But the plexus of causes returneth in which I am intertwined,—it will again create me! I myself pertain to the causes of the eternal return.
I come again with this sun, with this earth, with this eagle, with this serpent—not to a new life, or a better life, or a similar life:
—I come again eternally to this identical and selfsame life, in its greatest and its smallest, to teach again the eternal return of all things,—
To speak again the word of the great noontide of earth and man, to announce again to man the Superman.
I have spoken my word. I break down by my word: so willeth mine eternal fate—as announcer do I succumb!
The hour hath now come for the down-goer to bless himself. Thus—endeth Zarathustra's down-going.'"
—When the animals had spoken these words they were silent and waited, so that Zarathustra might say something to them; but Zarathustra did not hear that they were silent. On the contrary, he lay quietly with closed eyes like a person sleeping, although he did not sleep; for he communed just then with his soul. The serpent, however, and the eagle, when they found him silent in such wise, respected the great stillness around him, and prudently retired.
O MY soul, I have taught thee to say "today" as "once on a time" and "formerly," and to dance thy measure over every Here and There and Yonder.
O my soul, I delivered thee from all by-places, I brushed down from thee dust and spiders and twilight.
O my soul, I washed the petty shame and the by-place virtue from thee, and persuaded thee to stand naked before the eyes of the sun.
With the storm that is called "spirit" did I blow over thy surging sea; all clouds did I blow away from it; I strangled even the strangler called "sin."
O my soul, I gave thee the right to say Nay like the storm, and to say Yea as the open heaven saith Yea: calm as the light remainest thou, and now walkest through denying storms.
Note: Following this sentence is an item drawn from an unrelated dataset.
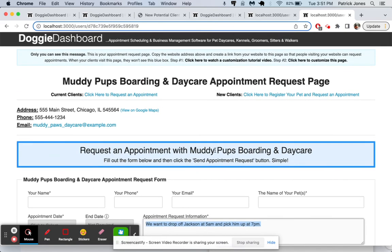And that is how you use the new client request form and the appointment request page. Thanks a lot. Bye.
O my soul, I restored to thee liberty over the created and the uncreated; and who knoweth, as thou knowest, the voluptuousness of the future?
O my soul, I taught thee the contempt which doth not come like worm-eating, the great, the loving contempt, which loveth most where it contemneth most.
O my soul, I taught thee so to persuade that thou persuadest even the grounds themselves to thee: like the sun, which persuadeth even the sea to its height.
O my soul, I have taken from thee all obeying and knee-bending and homage-paying; I have myself given thee the names, "Change of need" and "Fate."
O my soul, I have given thee new names and gay-coloured playthings, I have called thee "Fate" and "the Circuit of circuits" and "the Navel-string of time" and "the Azure bell."
O my soul, to thy domain gave I all wisdom to drink all new wines, and also all immemorially old strong wines of wisdom.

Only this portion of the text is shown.